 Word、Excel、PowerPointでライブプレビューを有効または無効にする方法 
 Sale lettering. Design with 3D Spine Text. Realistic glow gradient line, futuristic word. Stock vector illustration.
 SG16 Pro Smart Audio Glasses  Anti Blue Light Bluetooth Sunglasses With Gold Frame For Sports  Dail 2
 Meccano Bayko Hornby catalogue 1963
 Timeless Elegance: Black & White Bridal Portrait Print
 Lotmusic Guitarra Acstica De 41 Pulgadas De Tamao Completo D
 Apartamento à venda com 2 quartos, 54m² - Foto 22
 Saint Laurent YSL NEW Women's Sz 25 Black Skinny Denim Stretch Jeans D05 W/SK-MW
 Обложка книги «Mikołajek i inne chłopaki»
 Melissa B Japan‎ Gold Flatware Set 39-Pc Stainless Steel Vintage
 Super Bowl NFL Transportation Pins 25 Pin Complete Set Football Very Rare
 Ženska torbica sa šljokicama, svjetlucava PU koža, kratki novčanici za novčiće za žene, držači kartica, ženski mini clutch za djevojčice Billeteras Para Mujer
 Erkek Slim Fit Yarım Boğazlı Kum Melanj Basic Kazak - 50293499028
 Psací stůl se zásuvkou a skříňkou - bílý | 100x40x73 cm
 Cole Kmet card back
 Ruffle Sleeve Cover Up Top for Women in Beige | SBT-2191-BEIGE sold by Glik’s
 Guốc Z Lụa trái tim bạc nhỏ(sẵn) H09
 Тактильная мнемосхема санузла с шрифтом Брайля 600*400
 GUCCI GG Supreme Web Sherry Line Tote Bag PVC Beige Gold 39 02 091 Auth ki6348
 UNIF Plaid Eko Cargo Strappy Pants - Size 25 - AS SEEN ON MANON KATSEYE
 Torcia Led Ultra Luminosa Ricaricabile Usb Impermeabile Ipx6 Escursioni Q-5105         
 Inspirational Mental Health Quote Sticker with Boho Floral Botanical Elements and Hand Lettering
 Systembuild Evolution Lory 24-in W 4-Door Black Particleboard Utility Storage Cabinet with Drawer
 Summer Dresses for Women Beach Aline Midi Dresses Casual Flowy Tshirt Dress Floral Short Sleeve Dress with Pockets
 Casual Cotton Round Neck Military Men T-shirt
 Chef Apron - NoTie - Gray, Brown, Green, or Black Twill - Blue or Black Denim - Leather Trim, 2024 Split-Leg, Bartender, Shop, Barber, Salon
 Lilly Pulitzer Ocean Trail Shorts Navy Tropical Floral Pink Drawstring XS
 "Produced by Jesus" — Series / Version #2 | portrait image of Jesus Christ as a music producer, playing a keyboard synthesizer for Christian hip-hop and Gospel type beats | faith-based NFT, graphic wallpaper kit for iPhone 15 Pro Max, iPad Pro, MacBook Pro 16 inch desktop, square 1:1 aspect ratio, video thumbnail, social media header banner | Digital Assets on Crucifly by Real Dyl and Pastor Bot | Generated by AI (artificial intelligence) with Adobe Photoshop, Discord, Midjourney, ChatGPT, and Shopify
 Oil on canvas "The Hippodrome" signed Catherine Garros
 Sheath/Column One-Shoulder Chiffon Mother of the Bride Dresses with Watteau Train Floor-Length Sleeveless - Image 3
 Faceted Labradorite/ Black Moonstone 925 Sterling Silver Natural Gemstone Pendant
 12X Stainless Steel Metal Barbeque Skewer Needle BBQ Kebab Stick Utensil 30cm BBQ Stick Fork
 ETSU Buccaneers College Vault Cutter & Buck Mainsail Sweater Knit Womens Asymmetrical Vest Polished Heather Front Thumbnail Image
::::::::::
**What the task asks:** All the lines of the material above must be given again exactly.

**Exercise answer:**
 Word、Excel、PowerPointでライブプレビューを有効または無効にする方法 
 Sale lettering. Design with 3D Spine Text. Realistic glow gradient line, futuristic word. Stock vector illustration.
 SG16 Pro Smart Audio Glasses  Anti Blue Light Bluetooth Sunglasses With Gold Frame For Sports  Dail 2
 Meccano Bayko Hornby catalogue 1963
 Timeless Elegance: Black & White Bridal Portrait Print
 Lotmusic Guitarra Acstica De 41 Pulgadas De Tamao Completo D
 Apartamento à venda com 2 quartos, 54m² - Foto 22
 Saint Laurent YSL NEW Women's Sz 25 Black Skinny Denim Stretch Jeans D05 W/SK-MW
 Обложка книги «Mikołajek i inne chłopaki»
 Melissa B Japan‎ Gold Flatware Set 39-Pc Stainless Steel Vintage
 Super Bowl NFL Transportation Pins 25 Pin Complete Set Football Very Rare
 Ženska torbica sa šljokicama, svjetlucava PU koža, kratki novčanici za novčiće za žene, držači kartica, ženski mini clutch za djevojčice Billeteras Para Mujer
 Erkek Slim Fit Yarım Boğazlı Kum Melanj Basic Kazak - 50293499028
 Psací stůl se zásuvkou a skříňkou - bílý | 100x40x73 cm
 Cole Kmet card back
 Ruffle Sleeve Cover Up Top for Women in Beige | SBT-2191-BEIGE sold by Glik’s
 Guốc Z Lụa trái tim bạc nhỏ(sẵn) H09
 Тактильная мнемосхема санузла с шрифтом Брайля 600*400
 GUCCI GG Supreme Web Sherry Line Tote Bag PVC Beige Gold 39 02 091 Auth ki6348
 UNIF Plaid Eko Cargo Strappy Pants - Size 25 - AS SEEN ON MANON KATSEYE
 Torcia Led Ultra Luminosa Ricaricabile Usb Impermeabile Ipx6 Escursioni Q-5105         
 Inspirational Mental Health Quote Sticker with Boho Floral Botanical Elements and Hand Lettering
 Systembuild Evolution Lory 24-in W 4-Door Black Particleboard Utility Storage Cabinet with Drawer
 Summer Dresses for Women Beach Aline Midi Dresses Casual Flowy Tshirt Dress Floral Short Sleeve Dress with Pockets
 Casual Cotton Round Neck Military Men T-shirt
 Chef Apron - NoTie - Gray, Brown, Green, or Black Twill - Blue or Black Denim - Leather Trim, 2024 Split-Leg, Bartender, Shop, Barber, Salon
 Lilly Pulitzer Ocean Trail Shorts Navy Tropical Floral Pink Drawstring XS
 "Produced by Jesus" — Series / Version #2 | portrait image of Jesus Christ as a music producer, playing a keyboard synthesizer for Christian hip-hop and Gospel type beats | faith-based NFT, graphic wallpaper kit for iPhone 15 Pro Max, iPad Pro, MacBook Pro 16 inch desktop, square 1:1 aspect ratio, video thumbnail, social media header banner | Digital Assets on Crucifly by Real Dyl and Pastor Bot | Generated by AI (artificial intelligence) with Adobe Photoshop, Discord, Midjourney, ChatGPT, and Shopify
 Oil on canvas "The Hippodrome" signed Catherine Garros
 Sheath/Column One-Shoulder Chiffon Mother of the Bride Dresses with Watteau Train Floor-Length Sleeveless - Image 3
 Faceted Labradorite/ Black Moonstone 925 Sterling Silver Natural Gemstone Pendant
 12X Stainless Steel Metal Barbeque Skewer Needle BBQ Kebab Stick Utensil 30cm BBQ Stick Fork
 ETSU Buccaneers College Vault Cutter & Buck Mainsail Sweater Knit Womens Asymmetrical Vest Polished Heather Front Thumbnail Image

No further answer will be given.